··· Dataset records ···
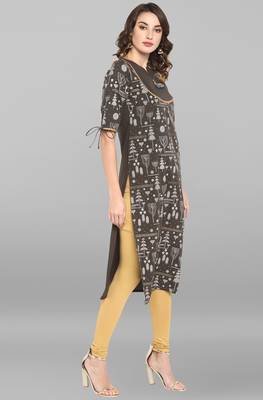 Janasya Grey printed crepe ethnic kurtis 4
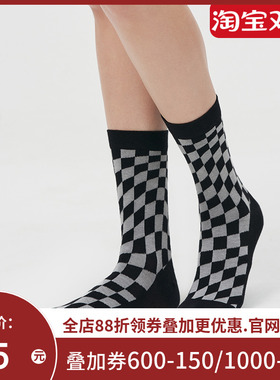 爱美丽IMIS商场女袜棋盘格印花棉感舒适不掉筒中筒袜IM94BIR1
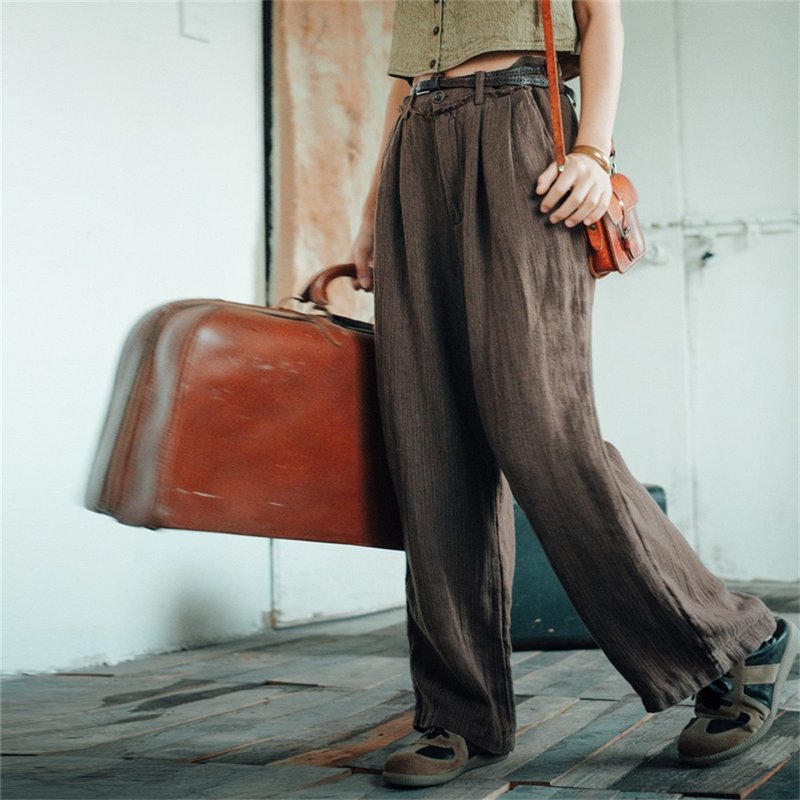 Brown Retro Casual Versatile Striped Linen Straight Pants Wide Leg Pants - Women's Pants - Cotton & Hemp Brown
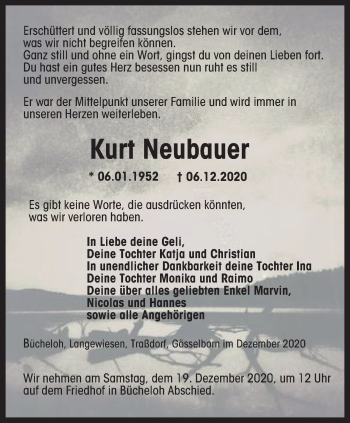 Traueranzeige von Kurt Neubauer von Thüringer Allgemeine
···
··· Dataset records ···
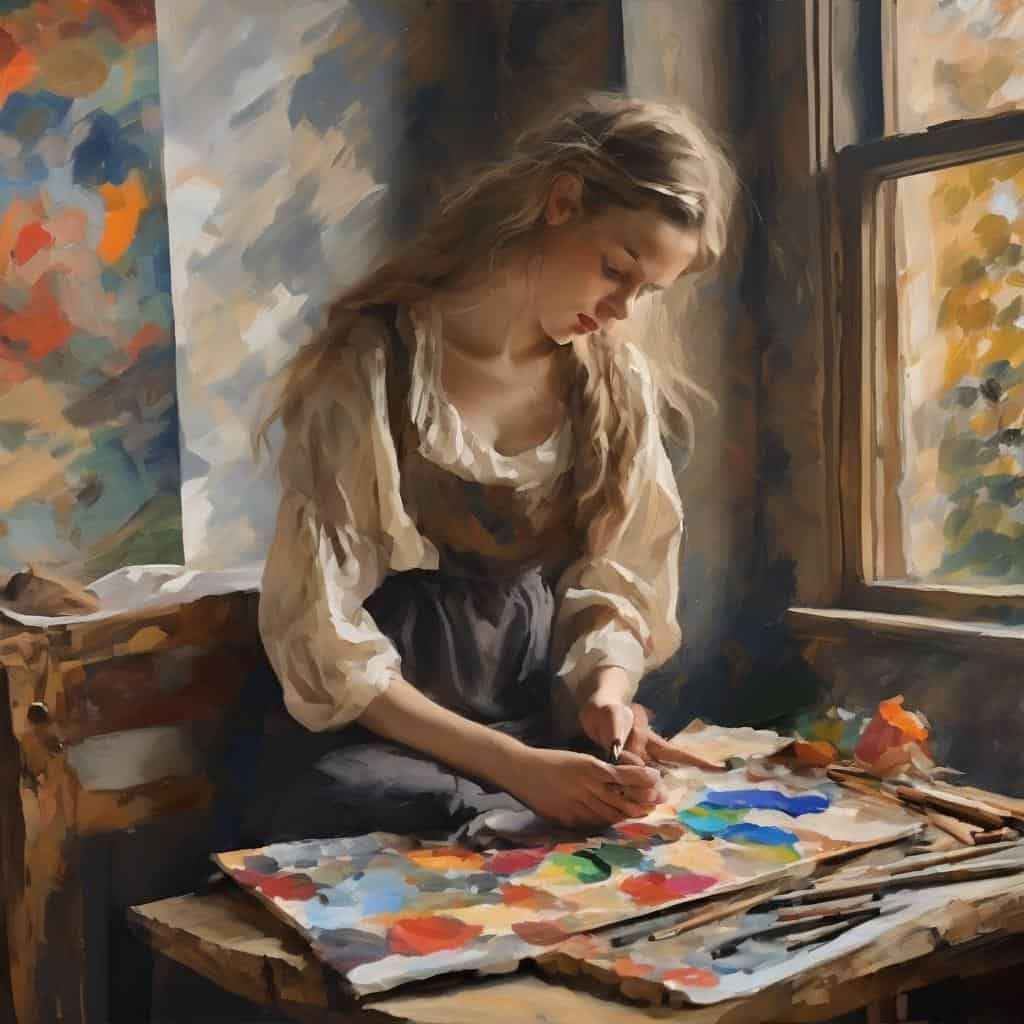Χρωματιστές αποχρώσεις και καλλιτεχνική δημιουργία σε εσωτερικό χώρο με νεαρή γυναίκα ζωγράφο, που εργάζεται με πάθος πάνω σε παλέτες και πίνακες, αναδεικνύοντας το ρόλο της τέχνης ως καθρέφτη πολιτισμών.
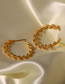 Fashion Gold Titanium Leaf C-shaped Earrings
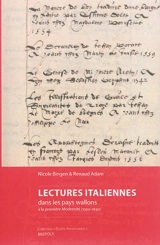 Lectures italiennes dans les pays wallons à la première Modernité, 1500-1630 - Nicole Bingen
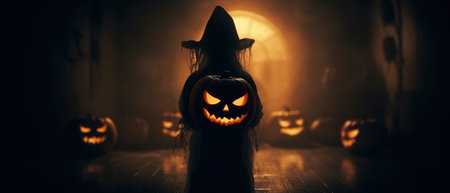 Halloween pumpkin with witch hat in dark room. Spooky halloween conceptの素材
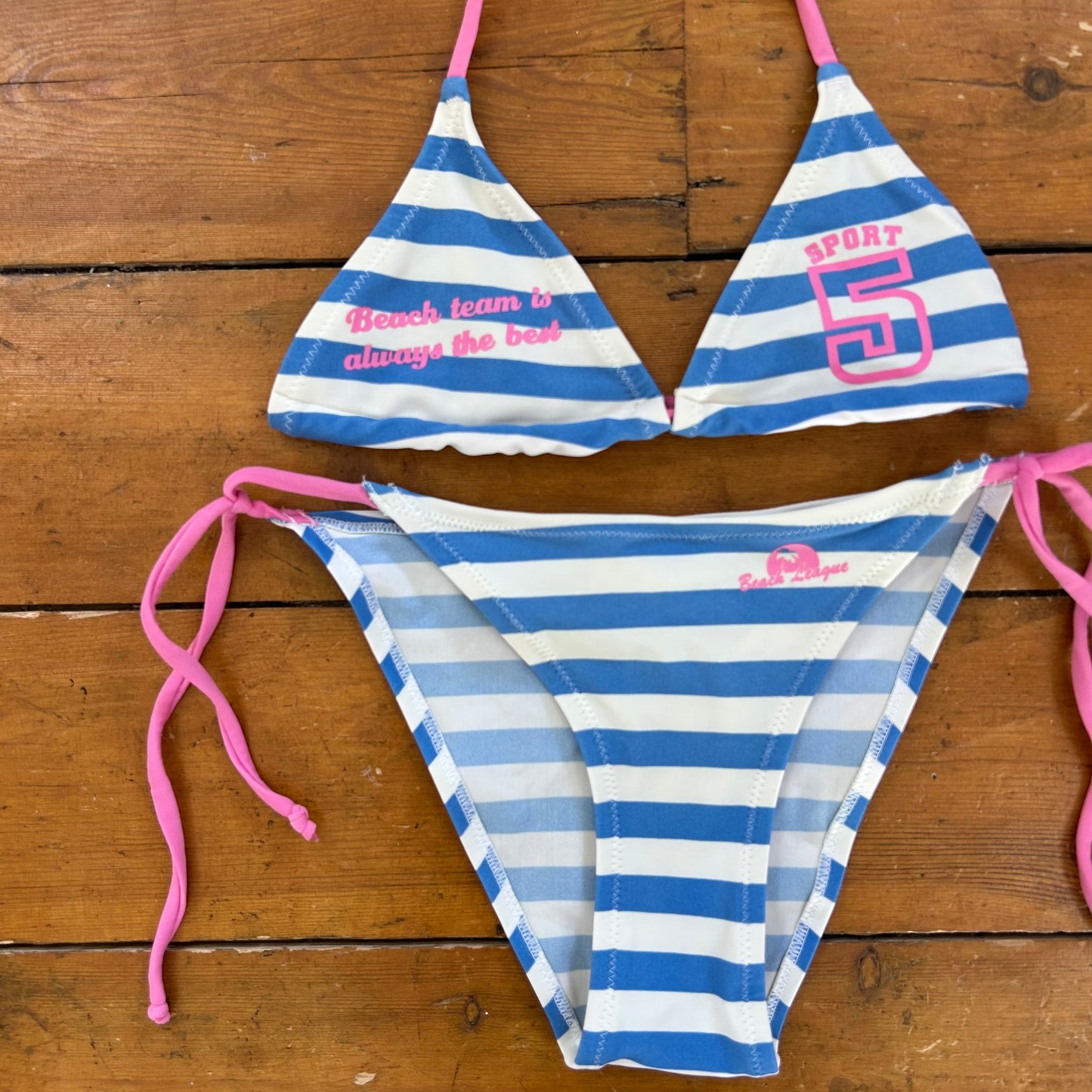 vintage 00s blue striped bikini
···
### Task objective
Look through the material above. Transcribe exactly the lines between the ones with "Janasya Grey printed crepe ethnic kurtis 4" and "Traueranzeige von Kurt", inclusive, and keep pictures out.

### Task response
 Janasya Grey printed crepe ethnic kurtis 4
 爱美丽IMIS商场女袜棋盘格印花棉感舒适不掉筒中筒袜IM94BIR1
 Brown Retro Casual Versatile Striped Linen Straight Pants Wide Leg Pants - Women's Pants - Cotton & Hemp Brown
 Traueranzeige von Kurt Neubauer von Thüringer Allgemeine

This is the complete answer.